Exercise directions:
Nothing but the lines from the one containing "LRT F45094Q - Flex" through the end of the data should be retyped, exactly as they stand, and pictures should not be retyped.

(Data section Opens)

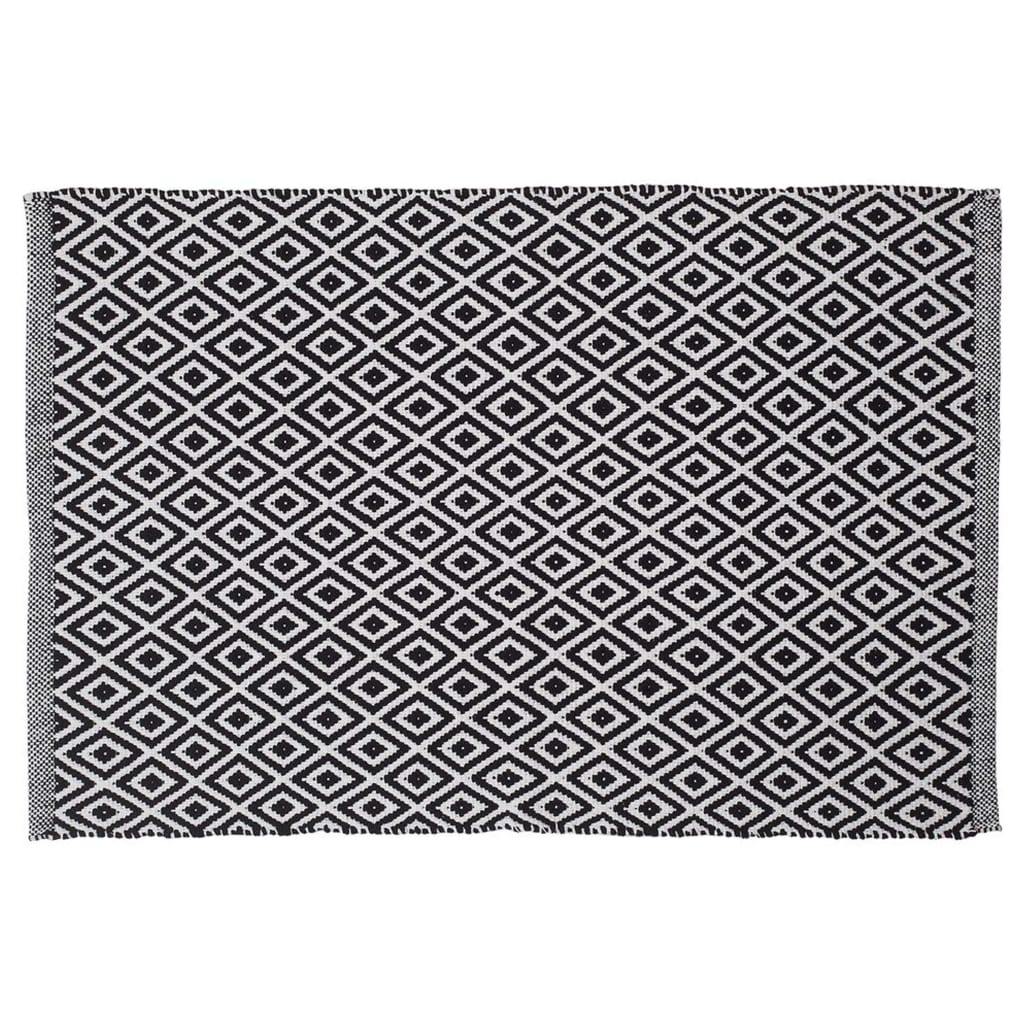 Sealskin Bath Mat Trellis Cotton 60x90 cm Black and White - Bend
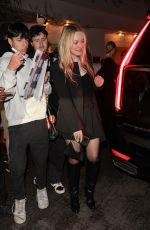DAKOTA and ELLE FANNING Arrives at Vas J Morgan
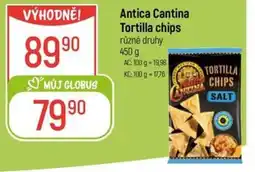Globus Antica Cantina Tortilla chips nabídka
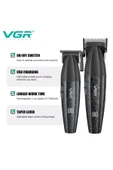 VGR v640 saç ve sakal kesim makinası 2 li set berber kuaför salonu makinası thumbnail 2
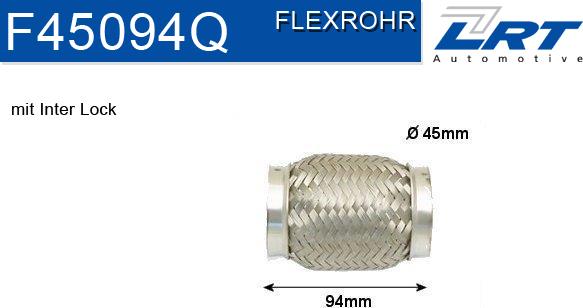 LRT F45094Q - Flex Hose, exhaust system car-mod.net
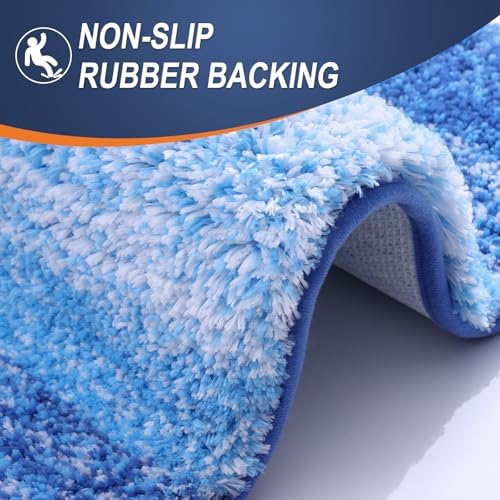 OLANLY Bathroom Runner Rug 59x24, Extra Soft Absorbent Microfiber Bath Rugs - Image 4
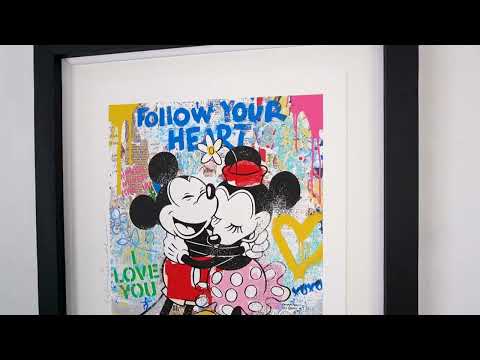 Forever Starts Here by Mr Brainwash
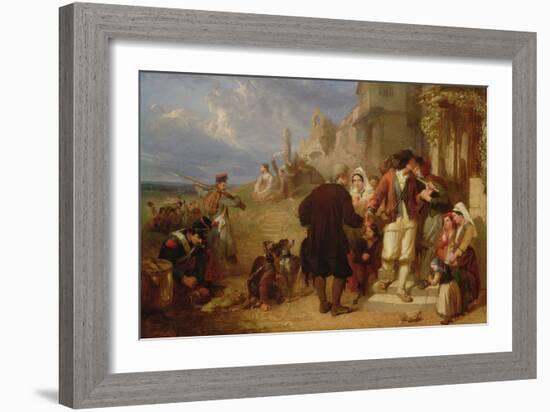 Departure of the Brittany Conscript-Frederick Goodall-Framed Giclee Print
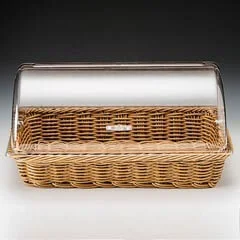 Zicco Polikarbon Roll Top Kapaklı Sepet, 55x35x10 cm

(Data section Closes)

Output:
 LRT F45094Q - Flex Hose, exhaust system car-mod.net
 OLANLY Bathroom Runner Rug 59x24, Extra Soft Absorbent Microfiber Bath Rugs - Image 4
 Forever Starts Here by Mr Brainwash
 Departure of the Brittany Conscript-Frederick Goodall-Framed Giclee Print
 Zicco Polikarbon Roll Top Kapaklı Sepet, 55x35x10 cm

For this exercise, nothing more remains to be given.